*** MATERIAL TO PROCESS
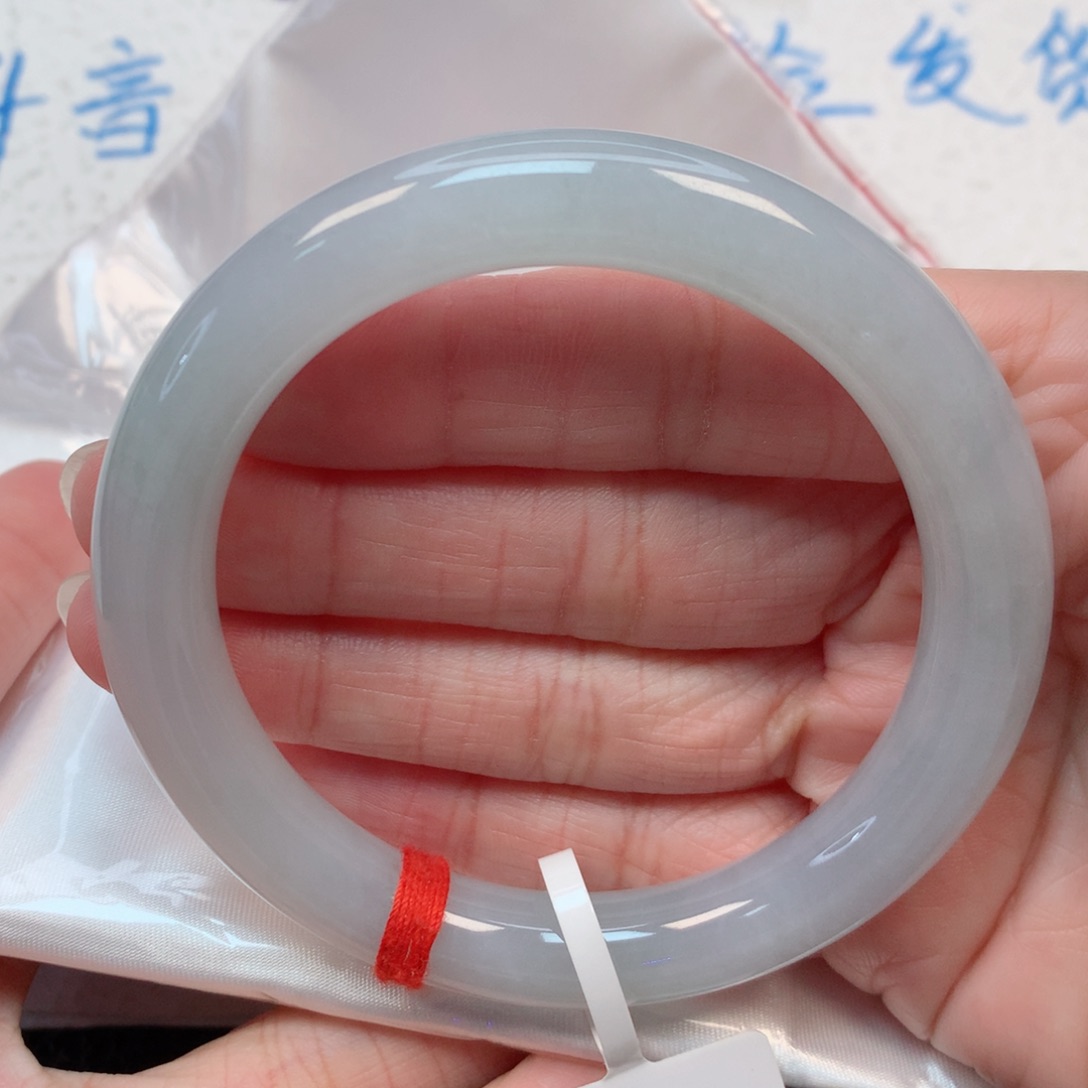 翡翠手镯未镶嵌57圆条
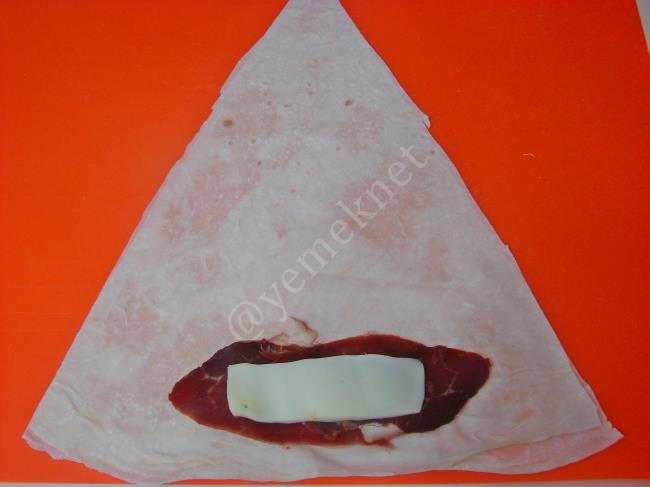 Paçanga Böreği - Yapılışı (4/12) 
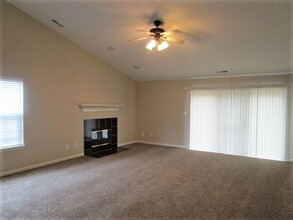 3535 Periwinkle Way in Indianapolis, IN - Building Photo - Building Photo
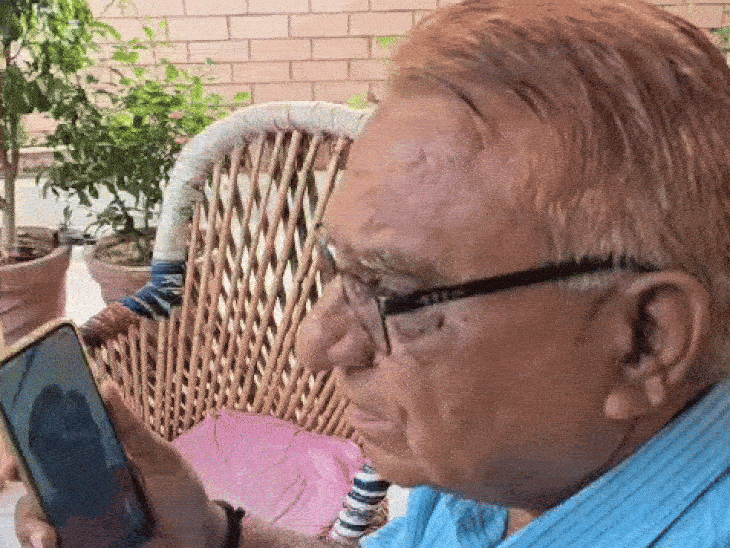 पिता ने वीडियो कॉल से बेटे से की बातचीत।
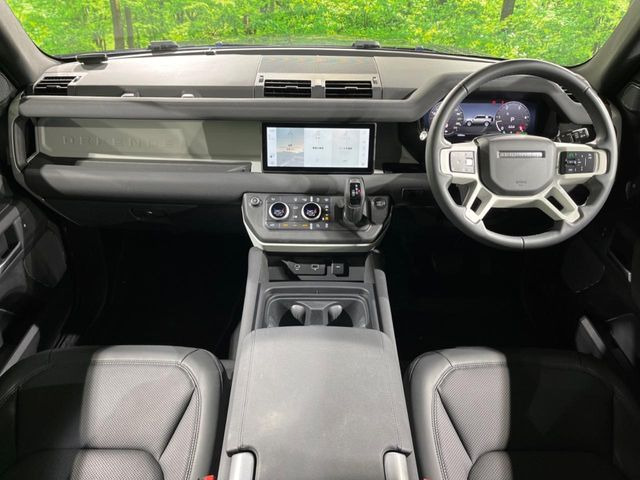 ディフェンダー110 S 3.0L D300 ディーゼル 4WD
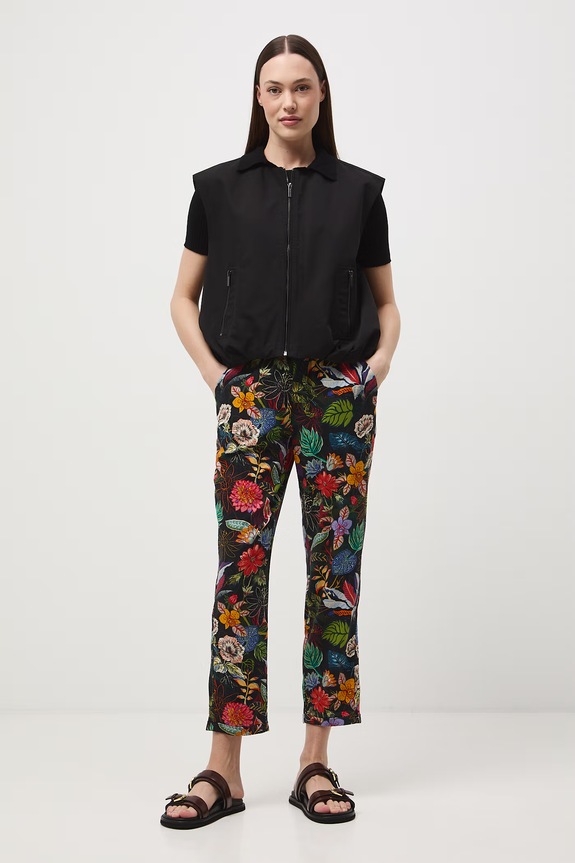 Spodnie chinos damskie z wiskozy z dodatkiem elastanu czarny RS26-SPD060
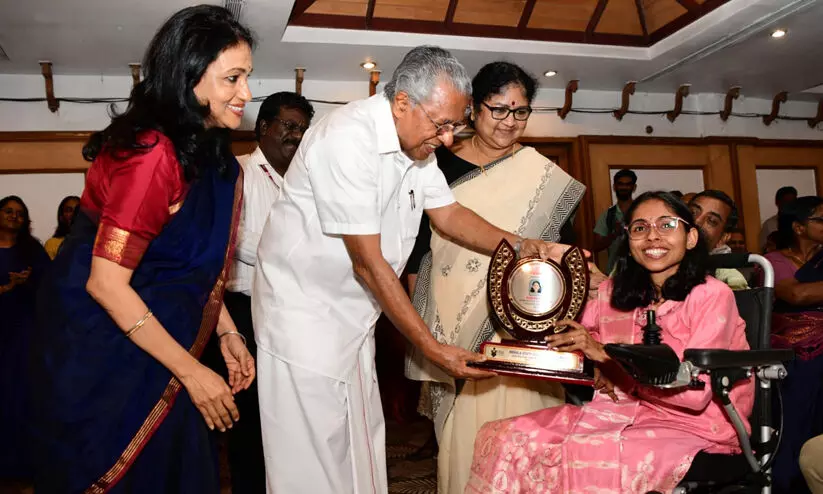 സംസ്ഥാനത്ത് സിവിൽ സർവീസ് പരീക്ഷ വിജയികളുടെ എണ്ണം വർധിക്കുന്നത് അഭിമാനകരമെന്ന് മുഖ്യമന്ത്രി സംസ്ഥാനത്ത് സിവിൽ സർവീസ് പരീക്ഷ വിജയികളുടെ എണ്ണം വർധിക്കുന്നത് അഭിമാനകരമെന്ന് മുഖ്യമന്ത്രി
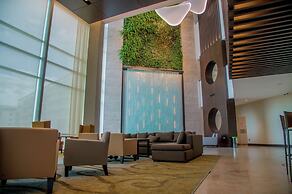Hilton Pilar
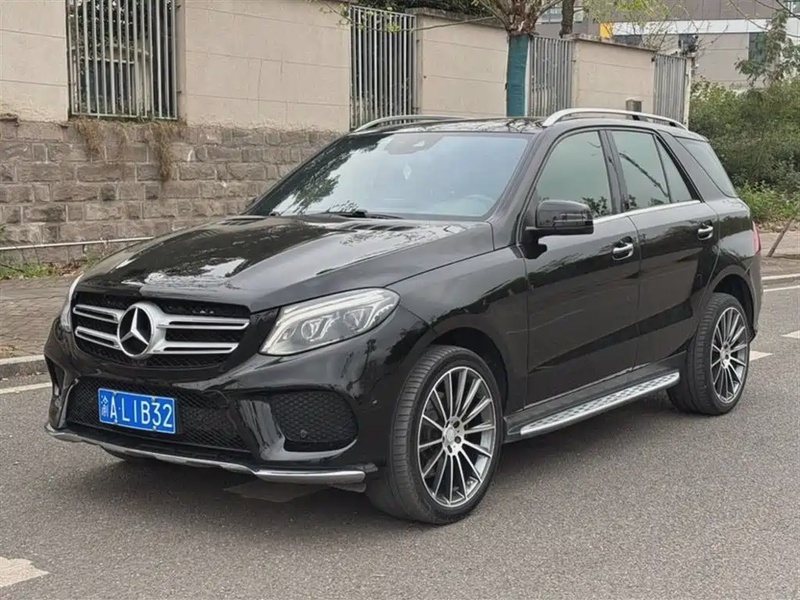 Mercedes-Benz GLE-Class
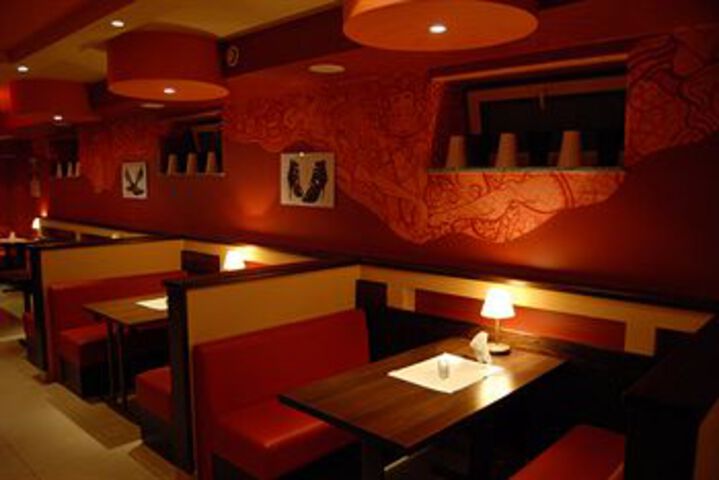 Dining 34 of 38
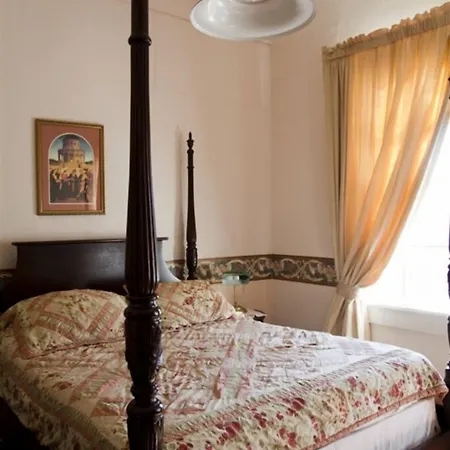 Fairchild House Bed & Breakfast-2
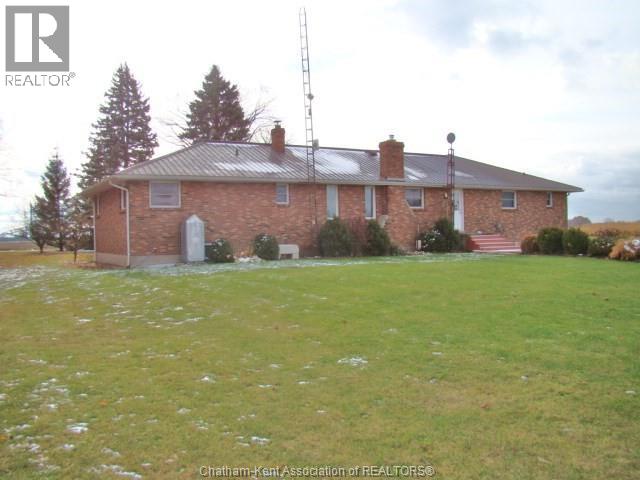 12025 Grove Mills Line, Chatham-Kent, Ontario  N0P 2K0 - Photo 6 - 25028820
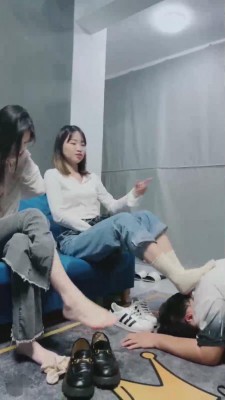 图片[2]_【狗哥】多位清纯学生主臭鞋臭袜羞辱 bf13930_HD绳艺资源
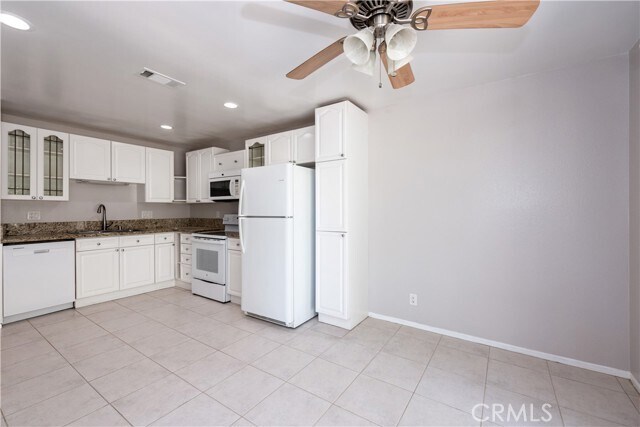 Building Photo - 385 Stanford Ct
******
_WORK ITEM:_ Nothing but the lines from the one holding "Paçanga Böreği - Yapılışı (4/12)" through the final line of the entries should be retyped, exactly as they stand and without pictures.

_COMPLETED EXERCISE:_
 Paçanga Böreği - Yapılışı (4/12) 
 3535 Periwinkle Way in Indianapolis, IN - Building Photo - Building Photo
 पिता ने वीडियो कॉल से बेटे से की बातचीत।
 ディフェンダー110 S 3.0L D300 ディーゼル 4WD
 Spodnie chinos damskie z wiskozy z dodatkiem elastanu czarny RS26-SPD060
 സംസ്ഥാനത്ത് സിവിൽ സർവീസ് പരീക്ഷ വിജയികളുടെ എണ്ണം വർധിക്കുന്നത് അഭിമാനകരമെന്ന് മുഖ്യമന്ത്രി സംസ്ഥാനത്ത് സിവിൽ സർവീസ് പരീക്ഷ വിജയികളുടെ എണ്ണം വർധിക്കുന്നത് അഭിമാനകരമെന്ന് മുഖ്യമന്ത്രി
Hilton Pilar
 Mercedes-Benz GLE-Class
 Dining 34 of 38
 Fairchild House Bed & Breakfast-2
 12025 Grove Mills Line, Chatham-Kent, Ontario  N0P 2K0 - Photo 6 - 25028820
 图片[2]_【狗哥】多位清纯学生主臭鞋臭袜羞辱 bf13930_HD绳艺资源
 Building Photo - 385 Stanford Ct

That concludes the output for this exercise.